By | 2 dicembre 2017

Il colosso Benetton è in rosso. L’ha ammesso il patron Luciano Benetton, che ha deciso di scendere in campo ed allontanare la gestione ‘malavitosa’. Luciano è amareggiato per le condizioni della sua azienda, che ha sempre curato con tanto amore, come un figlio. Purtroppo, quando si affida ad altri la gestione della propria azienda, non sempre si ottengono risultati esaltanti. Oggi Benetton è indebitata e Luciano, con la sorella Giuliana ed Oliviero Toscani, cercherà di far uscire l’azienda dal ‘pantano’.
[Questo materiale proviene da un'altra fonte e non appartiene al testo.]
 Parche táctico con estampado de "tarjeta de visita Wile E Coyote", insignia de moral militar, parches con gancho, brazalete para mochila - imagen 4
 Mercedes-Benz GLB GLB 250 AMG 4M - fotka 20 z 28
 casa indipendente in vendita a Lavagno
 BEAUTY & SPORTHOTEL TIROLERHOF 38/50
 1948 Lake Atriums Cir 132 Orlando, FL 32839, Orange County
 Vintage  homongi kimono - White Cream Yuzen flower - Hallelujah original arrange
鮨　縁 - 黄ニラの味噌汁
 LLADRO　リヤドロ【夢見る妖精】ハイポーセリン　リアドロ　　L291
Benetton: 81 milioni di passivo

‘Nel 2008 avevo lasciato l’azienda con 155 milioni di euro di attivo e la riprendo con gli 81 milioni di passivo del 2016. Per me è un dolore intollerabile…’, ha detto Luciano Benetton ai microfoni di Repubblica.

Una situazione ‘intollerabile’, un debito grosso quello accumulato in questi anni da Benetton. Adesso Luciano torna in campo con Giuliana (‘che a 80 anni ha ripreso a fare i maglioni’) ed Oliviero Toscani. Il dream team si è ricostituito per far tornare in auge una delle aziende italiane più conosciute all’estero.

Durante l’intervista rilasciata a Repubblica, il fondatore di Benetton ha spiegato il motivo per cui ha deciso di allontanare l’attuale gestione e tornare a dirigere l’azienda che ha fondato.

Colpa dell’addio ai  maglioni

‘Hanno smesso di fabbricare i maglioni. E’ come se avessero tolto l’acqua a un acquedotto… La gestione è stata malavitosa, ma non in senso criminale’, ha spiegato Luciano Benetton.

Errori inconcepibili dei manager Benetton

Perché la gestione è stata ‘malavitosa’? Il ‘padre’ del colosso italiano dell’abbigliamento dice che sono stati fatti errori inconcepibili. Gli viene da pensare che gli sbagli siano stati fatti con cognizione di causa.

Come farà adesso Luciano Benetton a far ‘risplendere’ la sua azienda? Beh, al caro Luciano non bisogna insegnare niente. L’esperienza in tale ambito non gli manca di certo.

Il fondatore dell’azienda trevigiana pensa che tornerà a ‘colorare al mondo’ anche grazie agli immigrati, che sono ‘una ricchezza d’energia’.